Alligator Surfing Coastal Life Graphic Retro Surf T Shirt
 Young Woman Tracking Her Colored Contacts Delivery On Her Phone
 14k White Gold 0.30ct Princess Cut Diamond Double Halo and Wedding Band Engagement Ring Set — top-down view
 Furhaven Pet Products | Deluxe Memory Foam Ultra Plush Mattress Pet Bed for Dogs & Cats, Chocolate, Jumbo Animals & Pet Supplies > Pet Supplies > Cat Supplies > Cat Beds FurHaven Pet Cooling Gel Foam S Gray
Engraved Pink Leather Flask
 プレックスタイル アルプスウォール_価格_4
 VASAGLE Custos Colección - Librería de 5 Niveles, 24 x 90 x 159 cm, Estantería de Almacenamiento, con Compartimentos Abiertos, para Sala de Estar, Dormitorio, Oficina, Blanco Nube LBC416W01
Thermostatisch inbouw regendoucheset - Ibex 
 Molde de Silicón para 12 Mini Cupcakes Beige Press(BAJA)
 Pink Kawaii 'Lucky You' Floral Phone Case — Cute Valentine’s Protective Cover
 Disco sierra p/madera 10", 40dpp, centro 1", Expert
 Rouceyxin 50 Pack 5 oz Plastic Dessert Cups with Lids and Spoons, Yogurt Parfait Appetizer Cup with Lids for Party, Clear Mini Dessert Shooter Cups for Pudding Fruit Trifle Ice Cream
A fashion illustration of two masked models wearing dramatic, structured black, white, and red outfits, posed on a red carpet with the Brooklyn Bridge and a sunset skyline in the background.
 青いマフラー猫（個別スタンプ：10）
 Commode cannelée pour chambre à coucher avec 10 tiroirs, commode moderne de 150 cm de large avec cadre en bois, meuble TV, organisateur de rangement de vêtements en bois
■ ■ ■ ■
WORK TO COMPLETE: Show each line in the data where the string "with" appears.

SOLUTION TO THIS PROBLEM:
 Rouceyxin 50 Pack 5 oz Plastic Dessert Cups with Lids and Spoons, Yogurt Parfait Appetizer Cup with Lids for Party, Clear Mini Dessert Shooter Cups for Pudding Fruit Trifle Ice Cream
A fashion illustration of two masked models wearing dramatic, structured black, white, and red outfits, posed on a red carpet with the Brooklyn Bridge and a sunset skyline in the background.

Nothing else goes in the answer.